### Exercise prompt
Would you please return only the lines from the one with "Sandal nữ quai" through the last line of the records below, leaving the pictures out?

### Task data
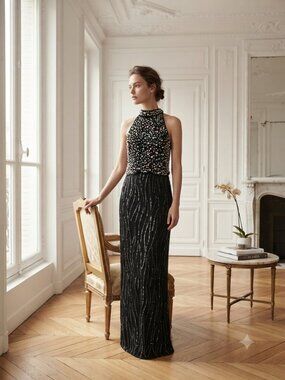 Vintage Night Vogue Black Beaded Silk Halter Evening Gown Size Medium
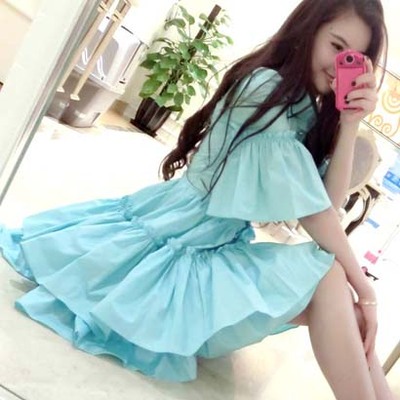2016春装新款甜美名媛淑女学院风显瘦连衣裙收腰蓬蓬荷叶边a字裙图片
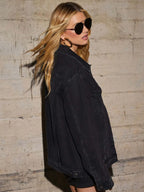 Button Up Collared Neck Denim Jacket | Jacket from PHUNKYN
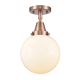 A thumbnail of the Innovations Lighting 447-1C-13-8 Beacon Semi-Flush Antique Copper / Matte White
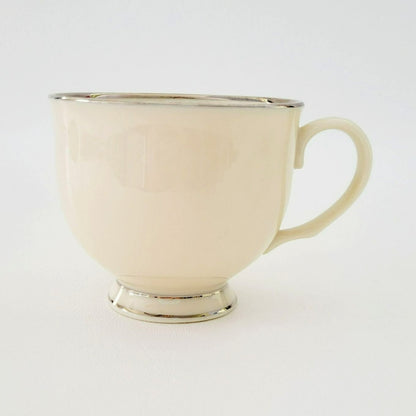 Lenox Montclair Teacup & Saucer, Cream with Platinum Silver Trim, USA Made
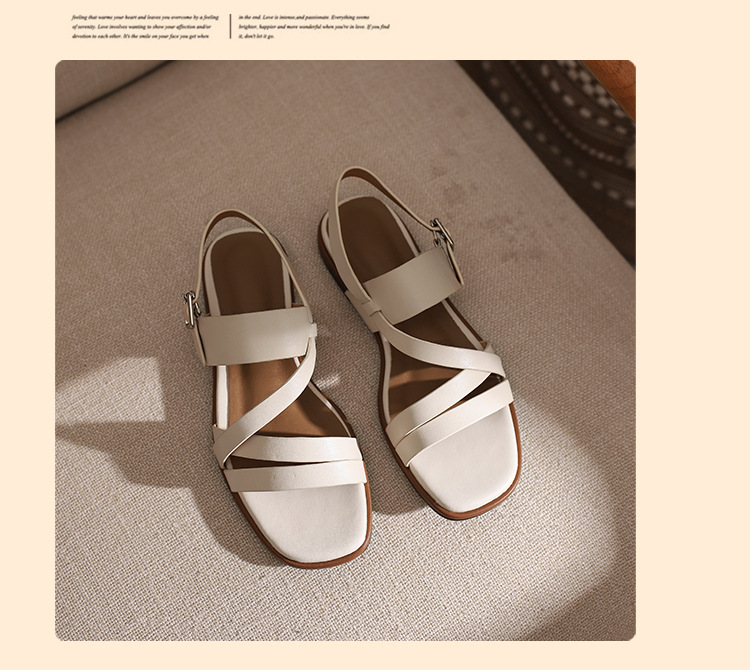 Sandal nữ quai ngang mảnh hở mũi đế bệt phong cách La Mã — Màu be chi tiết 11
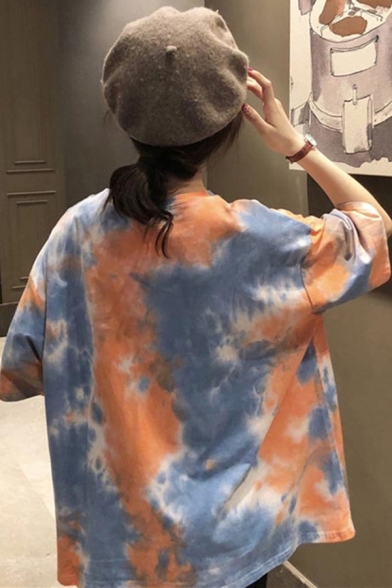 Leisure Women's Tee Top Tie Dye Print Round Neck Short Sleeve Relaxed Fit T-Shirt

### Exercise solution
 Sandal nữ quai ngang mảnh hở mũi đế bệt phong cách La Mã — Màu be chi tiết 11
 Leisure Women's Tee Top Tie Dye Print Round Neck Short Sleeve Relaxed Fit T-Shirt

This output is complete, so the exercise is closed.